Reply to: Inaccurate viral prediction leads to overestimated diversity of the archaeal virome in the human gut

Matters arising,2024-07-17,Nature communications,[IF 14.7]

DOI:https://doi.org/10.1038/s41467-024-49903-9

原文链接:https://www.nature.com/articles/s41467-024-49903-9

第一作者:YongmingWang1

通讯作者:Yingfei Ma1

主要单位:

1 中国科学院深圳先进技术研究院合成生物学研究所,定量工程生物学中科院重点实验室

- 主要内容 -

Chibani等人使用了六种计算工具来验证HGAVD中假定的古菌病毒序列,结果显示其中许多序列是非病毒序列。这一结果并不令人意外。
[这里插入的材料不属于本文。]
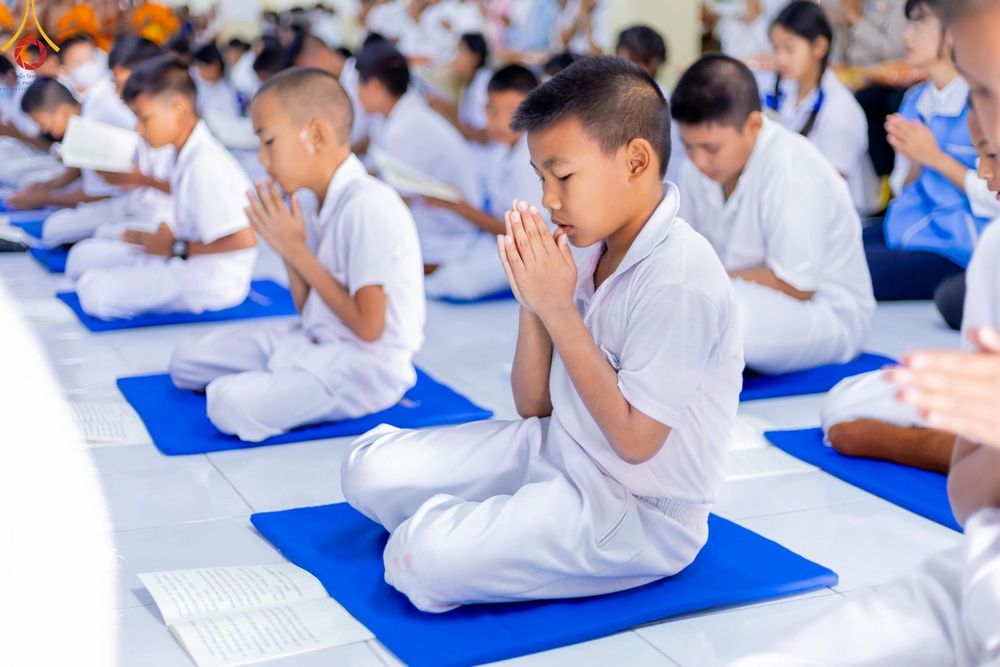 ภาพ No.195079:พิธีทอดผ้าป่าทำนุบำรุงศาสนสถาน ณ วัดไผ่โรงวัว ต.บางตาเถร อ.สองพี่น้อง จ.สุพรรณบุรี ในโครงการธรรมยาตรา กตัญญูบูชา มหาปูชนียาจารย์ พระมงคลเทพมุนี(สด จนฺทสโร) พระผู้ปราบมาร อนุสรณ์สถาน 7 แห่ง ปีที่ 13 วันที่ 13 มกราคม พ.ศ. 2568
这些工具是基于公共数据集中已有的参考病毒基因组开发的,而人类肠道中古菌病毒的公开数据库资源极少,这意味着这些计算工具在识别新的古菌病毒序列方面存在局限性。特别是,大多数通过宏基因组测序数据组装的片段序列都比较短,并且这些序列中预测的蛋白质很少,或者缺乏与已知病毒相似的蛋白质。在Li等人的研究中,我们使用了五种计算工具对数据进行了验证,并已展示和讨论了结果。值得注意的是,这些计算工具的结果之间存在很大的差异(见补充图1)。我们应用了VirSorter(类别1,2,4-6)、VirFinder(score ≥ 0.9且p < 0.05)、VirSorter2和DeepVirFinder(score ≥ 0.9且p < 0.05)等工具对HGAVD中的序列进行分析,结果显示被分类为病毒序列的HGAVD序列总数增加到537个,但每种工具的预测结果差异很大(见补充图1)。我们还将这六种计算工具(VirSorter v1.0.3(类别1, 2)、VirSorter2 v2.2.3(得分≥0.9且至少匹配一个病毒标志基因)、VirFinder v1.1(score ≥ 0.9且p < 0.05)、DeepVirFinder v1.0(score ≥ 0.9且p < 0.05)、VIBRANT v1.2.1(中等或更高质量得分)、CheckV v0.6.0)应用于由Shen等人收集的肠道噬菌体分离物集合(GPIC)数据集中的序列,该数据集包含209种人类肠道细菌的噬菌体。结果显示,只有21%的噬菌体被VirSorter预测为病毒(见补充图2a;补充数据1)。根据未培养病毒的最低信息标准(MIUViG),13.4%的GPIC噬菌体的完整性水平低于50%(基于CheckV)(见补充图2a)。这些结果表明,当前软件工具的预测能力有限,难以识别真正的病毒。我们将这些计算工具应用于从NCBI核苷酸数据库(GenBank)下载的完整古菌病毒基因组(n = 216),结果显示有18个病毒基因组未被这些工具识别,约50%(n = 107)的基因组被CheckV标记为低质量或未确定(见补充图2b;补充数据2)。我们还观察到每种工具的结果之间存在显著差异。此外,我们将这些计算工具应用于从先前研究中下载的82个Smacoviridae序列。VirSorter、VirSorter2、VirFinder、DeepVirFinder和VIBRANT的检测率分别降至0%、66%、43%、20%和0%(补充数据3)。这表明这些工具在识别古菌病毒方面的局限性。


我们开发的用于识别古菌病毒标志基因的工作流程相当严格(请参见补充材料或原始文章)。通过对rRNA基因数据库(Silva rRNA数据库v.138和Greengenes数据库v13_8_99)进行全面筛选,我们在HGAVD数据库中找到了31个包含rRNA基因的序列,其中17个序列被各种病毒检测工具检测到含有前病毒序列片段,剩余的序列被分类为不确定病毒(补充数据4)。来自包含rRNA基因序列的预测前病毒序列片段可以在以下网址找到:https://doi.org/10.6084/m9.figshare.21152404.v5。


特别是,最大的片段Zhang_X_2015_NM_ERR589874.NODE_1_560083中有39个和75个基因(26个基因重叠)分别与古菌病毒标志基因和VOG数据库的成员(http://vogdb.org)匹配(补充数据5)。此外,该片段被来自UHGG古菌基因组的间隔序列(n = 8)靶向(补充数据6)。VirSorter(--virome)在片段Zhang_X_2015_NM_ERR589874.NODE_1_560083(分类为类别5)中检测到了一个前病毒序列,具体位置为341,464到450,048 bp(补充数据7)。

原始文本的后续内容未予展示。